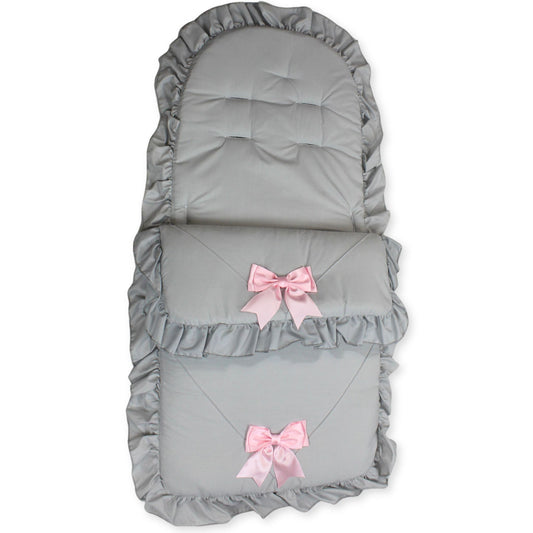 grey baby footmuff cosytoes with pink bows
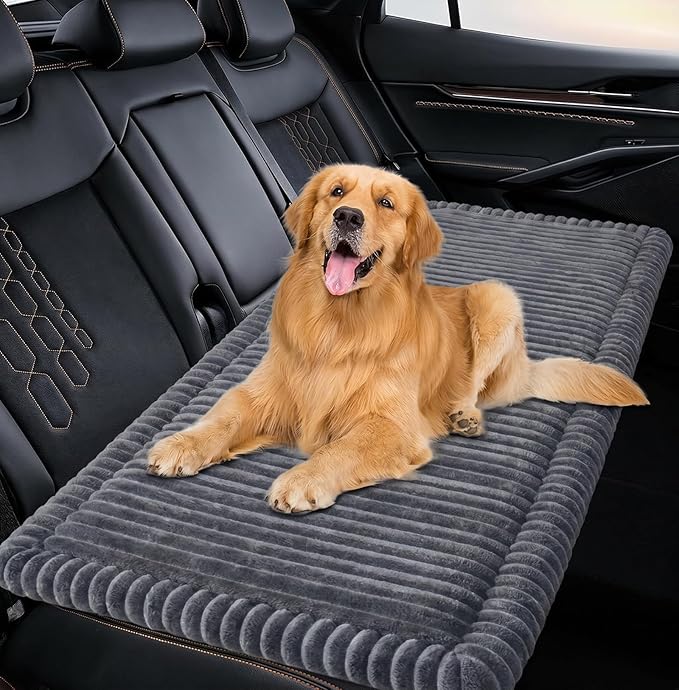 Dog Bed for Car, Non-Slip Dog Car Bed for Back Seat, Extra-Thick Plush Backseat Dog Mat for Travel, Soft Flannel Washable Pet Car Bed Fits Cars SUVs Trucks, 51"×23.6", Grey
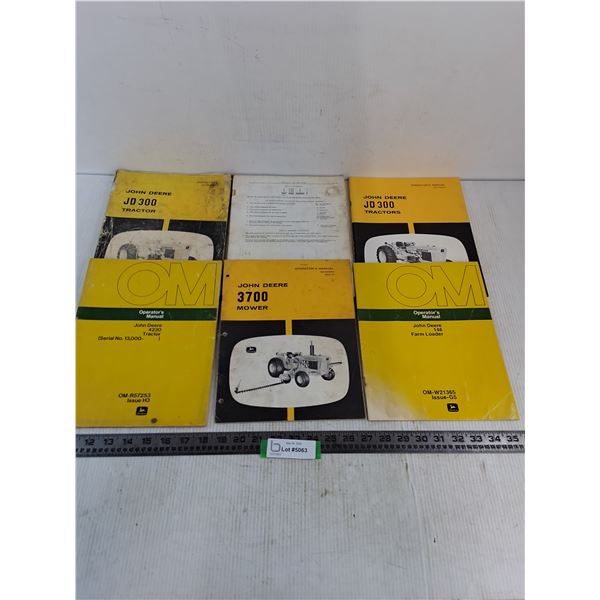 (6) John Deere Operator's Manuals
::::::
- [WHAT YOU SHOULD DO]:
Each line of the material above should be set down exactly, with no pictures.

- [RESULT FOR THIS EXERCISE]:
 grey baby footmuff cosytoes with pink bows
 Dog Bed for Car, Non-Slip Dog Car Bed for Back Seat, Extra-Thick Plush Backseat Dog Mat for Travel, Soft Flannel Washable Pet Car Bed Fits Cars SUVs Trucks, 51"×23.6", Grey
 (6) John Deere Operator's Manuals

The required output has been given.